● **The input**:
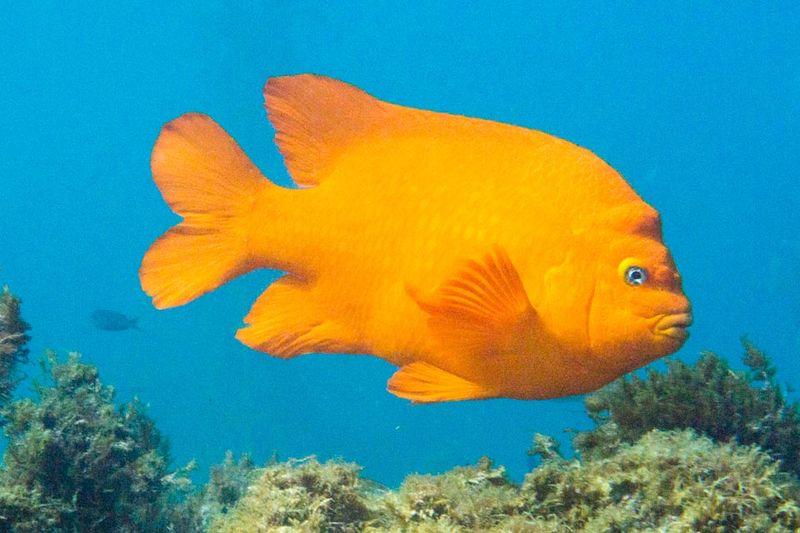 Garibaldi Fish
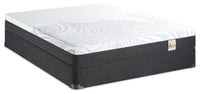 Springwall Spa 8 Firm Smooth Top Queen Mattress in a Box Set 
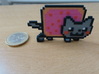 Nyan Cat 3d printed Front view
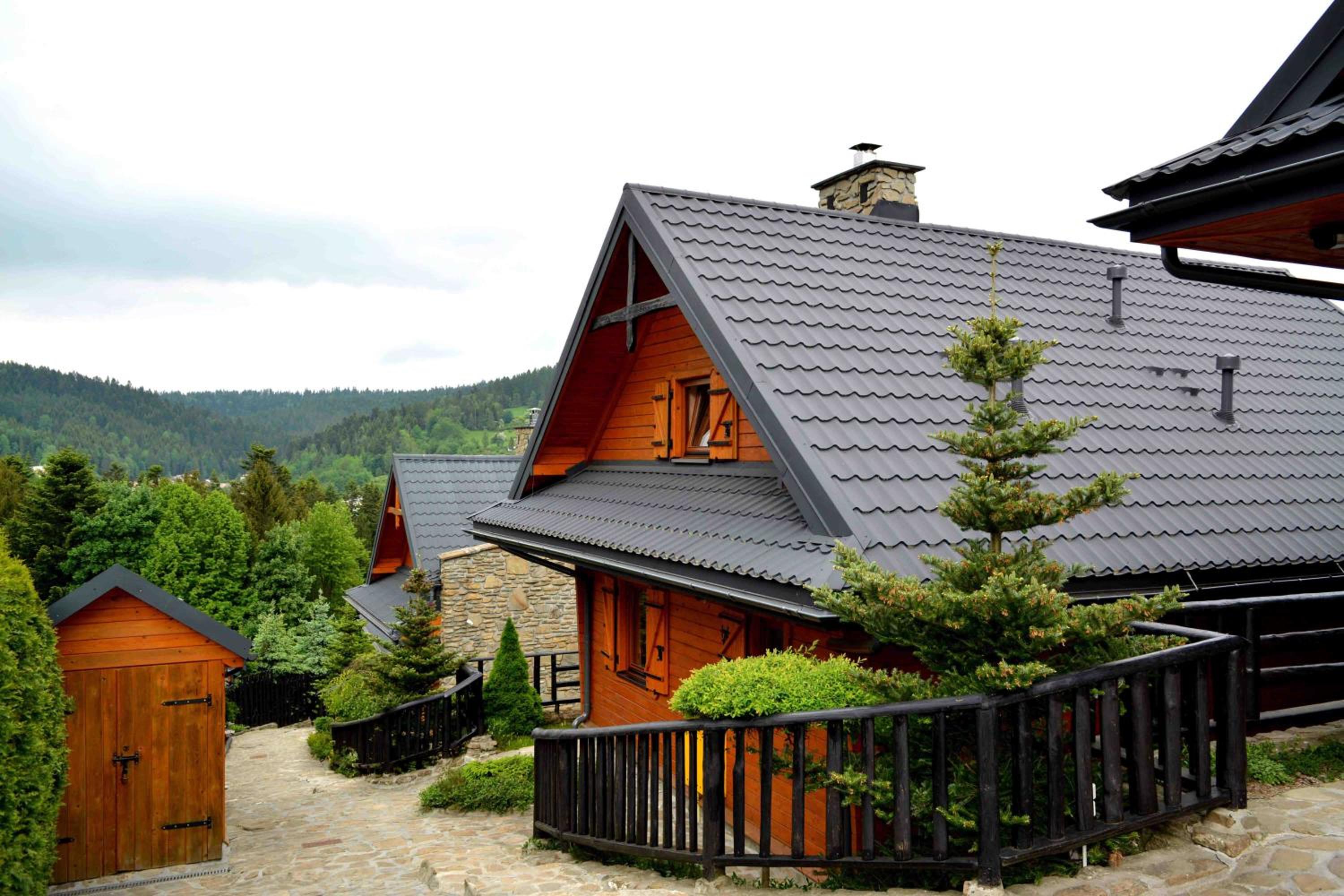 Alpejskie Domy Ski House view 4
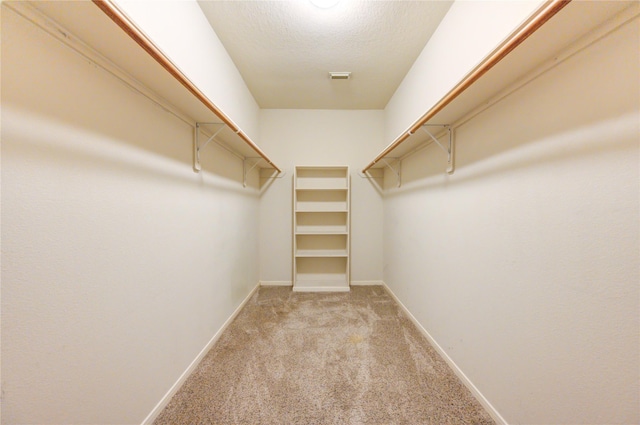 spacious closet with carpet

● **About this exercise**: Give back the data verbatim. The pictures are not part of the copy.

● **Response**:
 Garibaldi Fish
 Springwall Spa 8 Firm Smooth Top Queen Mattress in a Box Set 
 Nyan Cat 3d printed Front view
 Alpejskie Domy Ski House view 4
 spacious closet with carpet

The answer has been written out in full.